Fig. 9 shows the relative number of DIIs for different applications under hybrid representation with one to four vector entries. For clarity, we sort the applications based on decreasing values and only show the several applications where these values are large. The rest of the 25 applications have results very close to 1.

As we can see, having a single vector entry is a bit too extreme and for a few applications can dramatically increase DIIs. It is worth noting that normalizing the number of DIIs highlights the imprecision introduced by the hybrid representation. Overall, DIIs represent a small portion of the total number of invalidations (15.1% in the baseline). So even a severalfold increase may not cause significant increase in overall invalidation number. This can be seen from Fig. 10, which shows the L1 cache miss rate normalized to that in baseline.

Take application lu for example. Having just one vector entry increases DIIs by 13.6X. But this dramatic increase in DIIs only results in 46% increase in miss rate. On average, even having just one vector entry only increases miss rate by 5%. With two vector entries per set, the increase in the number of misses (and off-chip traffic) is 0.4% on average, and 2.3% in the worst case, which is almost negligible.



Fig. 10. L1 cache miss rate of DC(2048, v/8) normalized to DC(2048, 8).

Recall that victimizing a vector entry that tracks more than one sharer results in either a down or an up conversion.
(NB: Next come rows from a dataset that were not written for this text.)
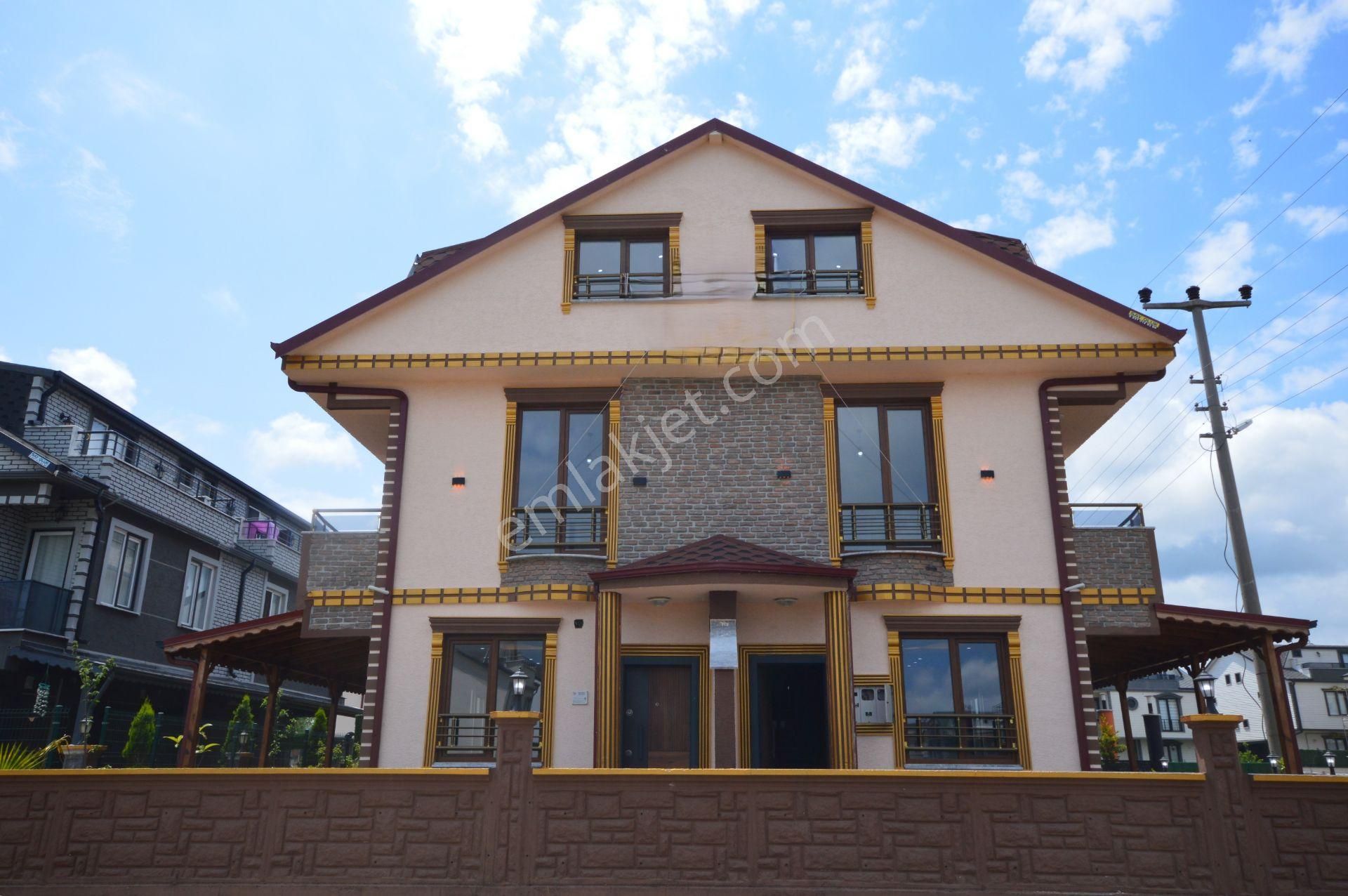 Ayrı Mutfaklı Geniş Kullanım Alanlı Mükemmel Villa !!!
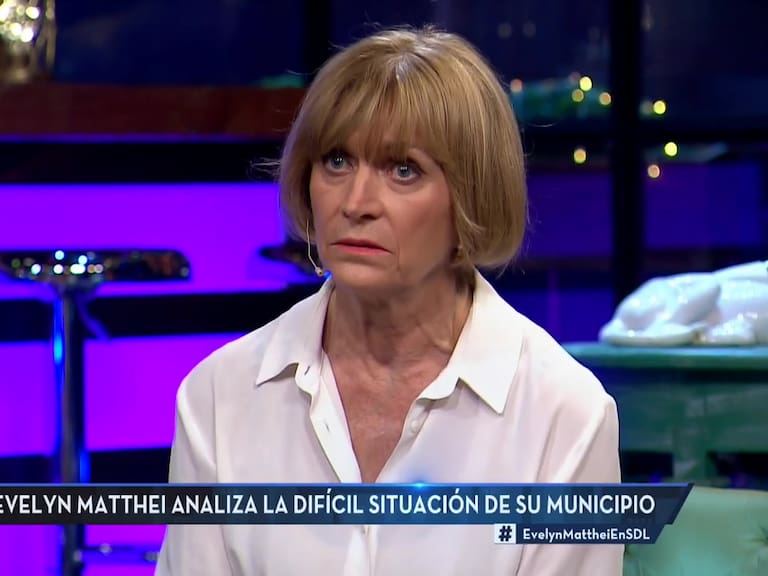 Evelyn Matthei se sinceró sobre crisis en municipio de Providencia: «Partí por bajarme yo el sueldo»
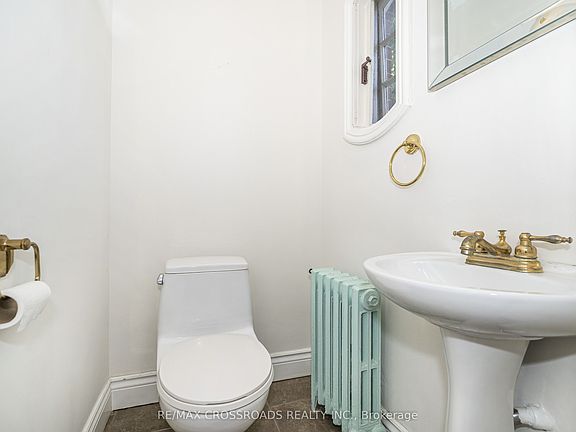 3rd image of 19 Strathgowan Cres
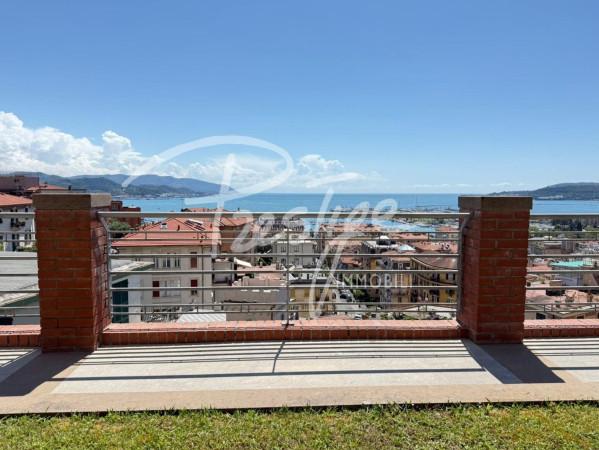 casa indipendente in vendita a La Spezia in zona Centro Storico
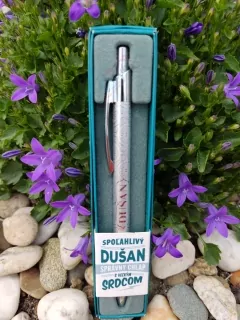 Pero s menom: Dušan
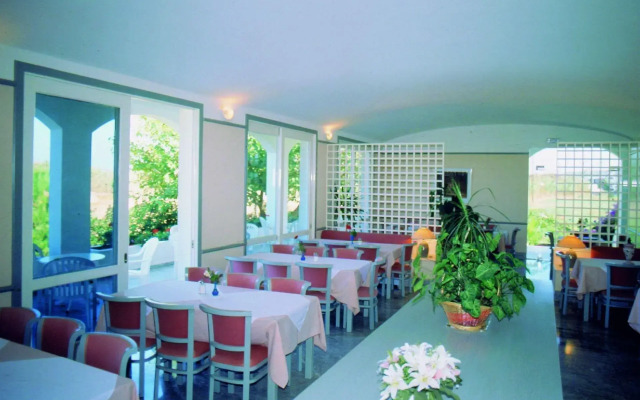 Mantenia Hotel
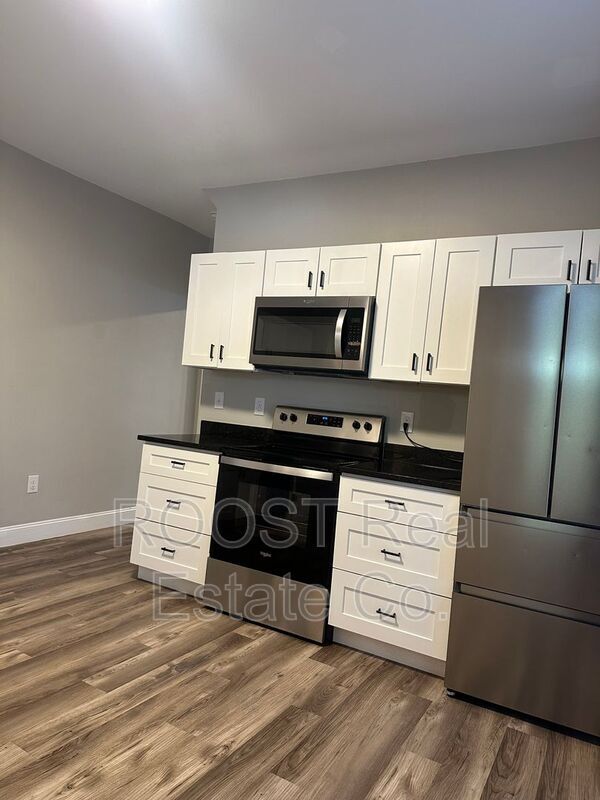 31 Dana Ave in Columbus, OH - Building Photo - Building Photo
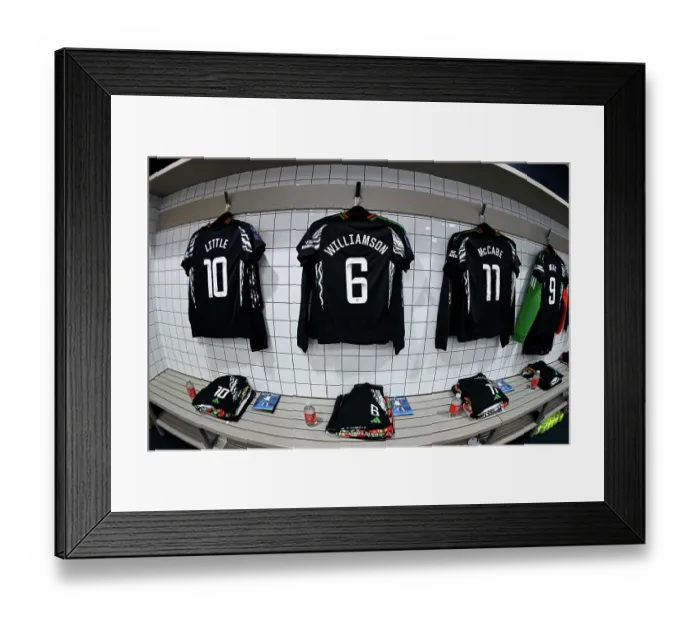 Framed Print : Tottenham Hotspur v Arsenal - Barclays Women's Super League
While down conversions increase the number of DIIs, up conversions cause imprecision that increases the number of unnecessary invalidation messages later on. In DC(2048, 2/8), the increase in all invalidation messages averages about 0.7%. Of course, both type of conversions lead to performance loss and energy overhead. Finally, the swapping between a vector and a pointer entry increases the occupancy of directory cache, potentially delaying other requests. According to the experimental result, the port usage increases by 1.9% on average for DC(2048, 2/8). All these factors impact the overall execution time and energy. These statistics for DC(2048, 2/8) are shown in Fig. 11.



Fig. 11. Execution time, number of network packets and energy of DC(2048, 2/8) normalized to DC(2048, 8).

As the figure shows, when using a quarter of the entries as vector entries, the execution time, number of network packets, and energy consumption of DC(2048, 2/8) increase by less than a half of a percentage point (specifically 0.2%, 0.4% and 0.2%, respectively). Since we use a quarter of the entries as vector entries, the asymptote of area savings is 4x. The actual savings in storage depends on a number of parameters. For the 16-way CMP, DC(2048, 2/8) reduces the total directory storage by about 1.31x (24% reduction). For 64-way CMP the savings becomes 2x with similarly negligible impact on execution (details later). In contrast, if the directory cache is shrunk by a quarter (in the number of sets), the performance degradation is a much more pronounced 10%.

2) Sensitivity analysis: Hybrid representation exploits the fact that most lines in a set have a single sharer at any moment. In roughly 99% of the cases, less than a quarter of the lines in a set have more than one sharer. This statistic is largely unchanged with increase of directory cache associativity (as shown in Table V) or the number of nodes in a CMP.

TABLE V. THE RATIO OF NUMBER OF MULTI-SHARER ENTRIES.

| Number of multi- | Cumulative ratio |              |  |  |
|------------------|------------------|--------------|--|--|
| sharer entries   | DC(2048, 8)      | DC(1024, 16) |  |  |
| 0                | 91.4%            | 87.0%        |  |  |
| < 1              | 97.7%            | 96.0%        |  |  |
| $\leq 2$         | 99.0%            | 97.8%        |  |  |
|                  | 99.7%            | 98.3%        |  |  |
| <u>≤</u> 4       | 99.9%            | 99.2%        |  |  |

In a 64-way CMP, keeping each tile the same, the execution impact is essentially the same as in a 16-way CMP. The increase of execution time, number of packets, and energy consumption are 0.6% or less on average and 2.5% for the worst case.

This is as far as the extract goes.